English guitarist C Joynes kicked off the first festival evening with a concise set, with the composer and percussionist Jaleh Negari taking over as the second act on the bill. A fixture in the local experimental scene, the Iranian/Danish artist performed a curious set of intricate compositions ranging from subdued electronic and percussive experiments to startling, beat-driven tracks. By the end of Negari’s performance, the seating setup of the show almost started to seem ill-advised. However, the combination of tables, chairs, and benches, with the addition of pillows scattered around the floor, made for an absolutely perfect setup for the following performance.

Jaleh Negari

What was supposed to be a set by Elik, a duo of Ukrainian composer Svitlana Nianio and Polish composer Raphael Roginski, ended up being a rare solo appearance by Nianio, due to Roginski’s cancellation. And while I can’t tell what a show by Elik would have sounded like, I also can’t say that I particularly regretted Roginski’s absence, as Svitlana Nianio graced the Festival of Endless Gratitude with an absolutely stunning performance.

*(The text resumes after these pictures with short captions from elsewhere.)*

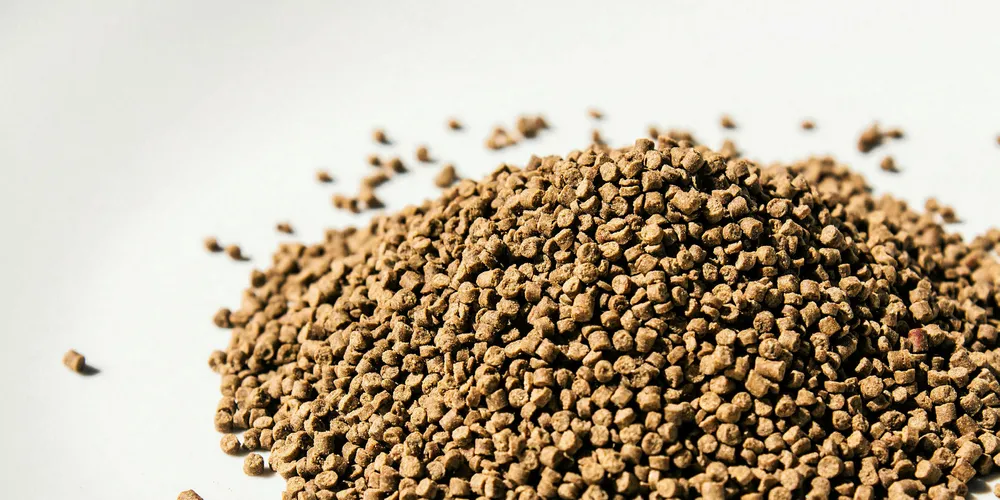 Scientists found 132 types of antibiotic resistant genes in the sediment of fish farms.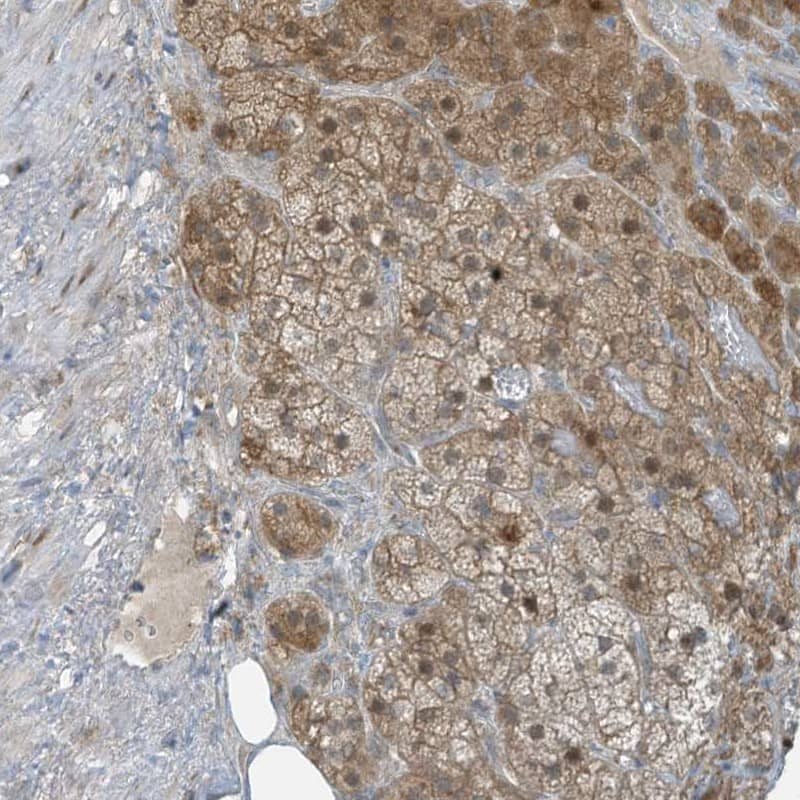 Staining of human adrenal gland shows cytoplasmic positivity in glandular cells.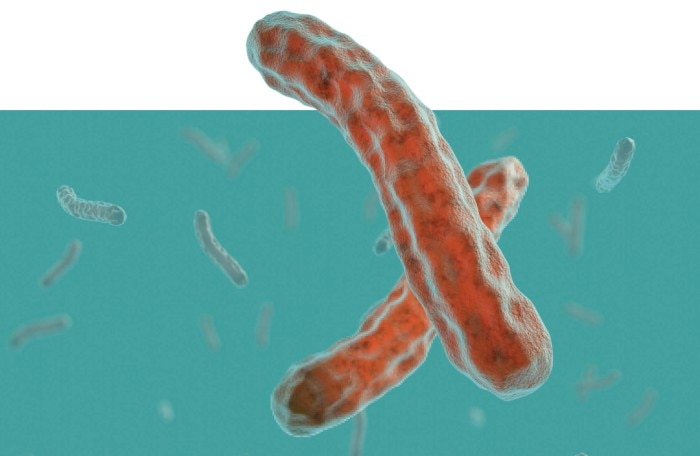 Tuberculosis, Mycobacterium tuberculosis (MTB) bacteria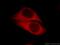 Heat Shock Protein 90 Alpha Family Class B Member 1 antibody, 11405-1-AP, Proteintech Group, Immunofluorescence image 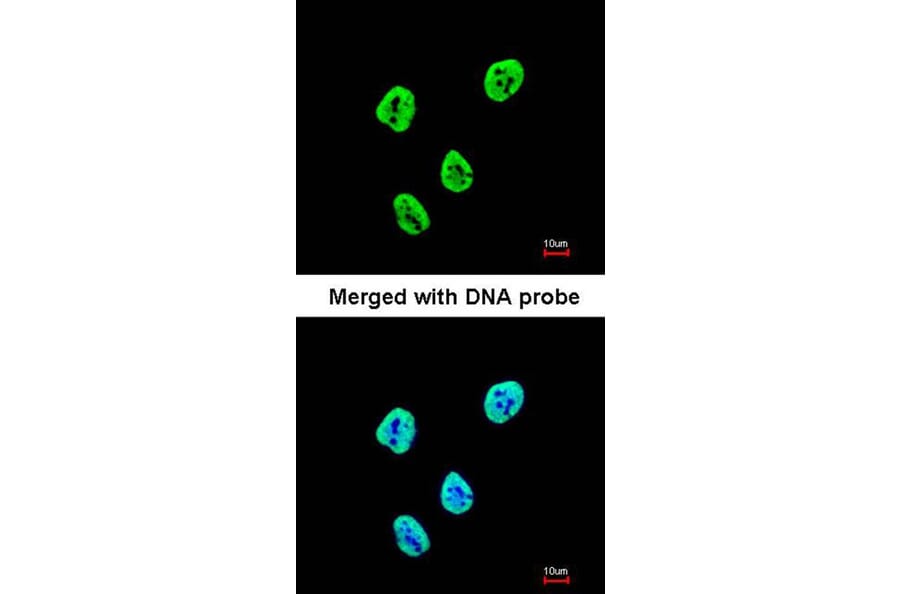 Immunofluorescence - SET antibody from Signalway Antibody (23071) - Antibodies.com
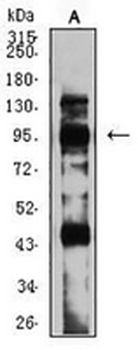 mGLUR8 Mouse Monoclonal Antibody
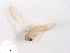  ( - WRBU-SF2011.092)  @12 [ ] CreativeCommons - Attribution (2012) CBG Photography Group Centre for Biodiversity Genomics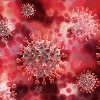 East Asia faced a coronavirus epidemic 20000 years ago
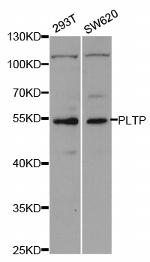 PLTP Polyclonal Antibody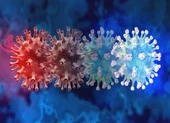 Nam Phi phát hiện biến thể COVID-19 mới, Anh lo chủng mới kháng vaccine ảnh 3 Phát hiện biến thể mới của virus SARS-CoV-2 có khả năng lây lan nhanh nguy hiểm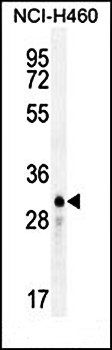LCN9 antibody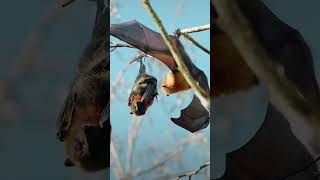 Bats are flying mammals of the order chiroptera with their forelimbs adapted viralviralvideo [upl. by Anilatac897]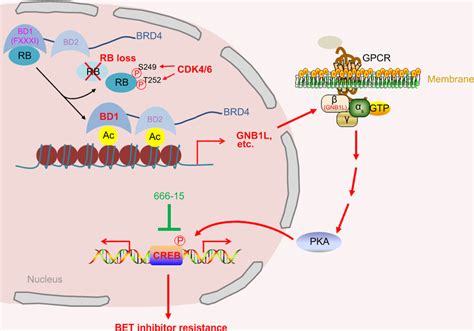 The Schema Depicting The Bet Inhibitor Resistance In Pca Cells Due To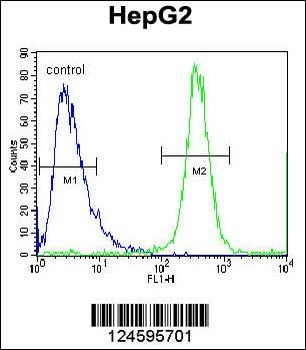 FBXO2 Antibody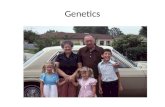 Genetics. Genetics is the science of heredity Genetics explains how genes bring about characteristics in living organisms and how those characteristics.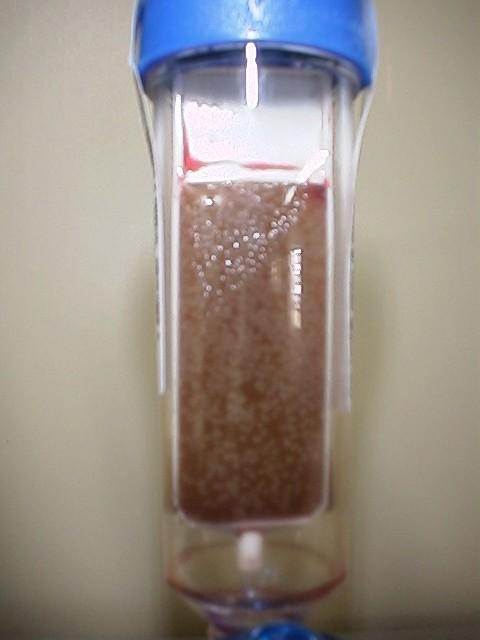 22 Figura 5: Crescimento bacteriano em Agar Chocolate (Face larga da lâmina - Hemobac Trifásico ). 3.3. Antibiograma A.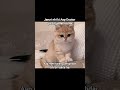 Funny Reels #beauty #memes #relatable #aesthetic #trending #viral #catmemes #funny #tweetreels #cat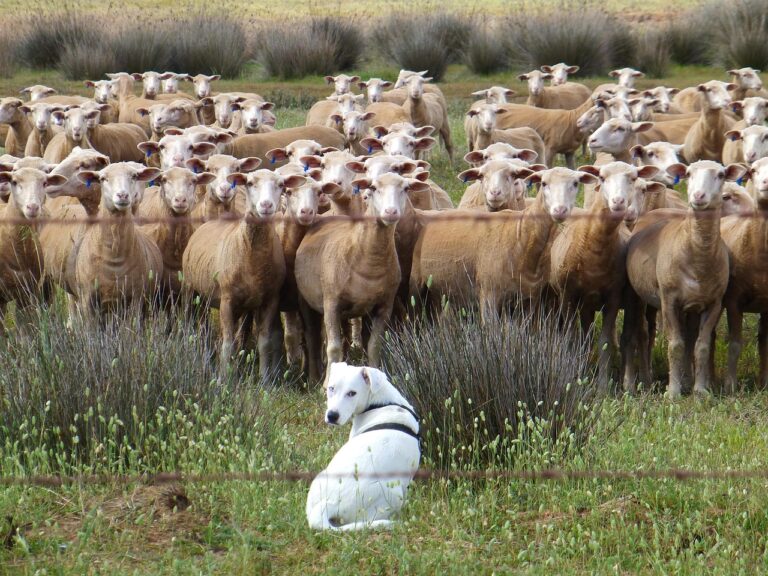 Fièvre catarrhale ovine : le virus pourrait aussi menacer les chiens Fièvre catarrhale ovine : le virus pourrait aussi menacer les chiens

Building off of a relatively simple setup made up of keyboard and vocals, as well as a laptop on the side, Nianio appeared as if she pretty much immediately left the realm of us mortals attending a festival here in a church in Copenhagen. Closed off in her own world, she seemed to have performed her set on a whole different plain. Simultaneously detached and painfully intimate, the live renditions of Nianio’s songs come off as pretty straight-forward takes on her seemingly simple songs that fuse a minimalist, avant-garde approach with folk, and even traditional elements. With her gorgeous soprano hovering above the compositions, Nianio’s music softly wrapped itself around the entire space of the dimly lit Koncertkirken.

Reading about Nianio’s music, one is likely to come across many descriptions centered around adjectives such as “mystical”, “magical” and “ethereal”. On the one hand, this may seem like a cliché – yet another example of a lazy approach to portraying a recently “rediscovered” artist who is: a) a woman, and b) from Eastern Europe. On the other hand, though, once you’ve actually listened to her music (especially live), it’s easy to find yourself wondering: well, how else is one supposed to describe this? I mean, if it’s really just a person playing a keyboard and singing, then how… How does she make it sound so fucking beautiful, and so unlike anything you’ve ever heard before?

Svetlana Nianio

During the cigarette break after the show, some of the audience complained that the set was too long, apparently clocking in at around an hour and fifteen minutes. Unfortunately, it wasn’t particularly surprising to hear such thoughts, as there were more than a few people who had walked out during the show, talked loudly, and even laughed hysterically (?!) in a rare instance of a Copenhagen audience behaving so impatiently. To some of us, though, the show felt like it lasted for barely forty-five minutes and – honestly – it could have just gone on forever. 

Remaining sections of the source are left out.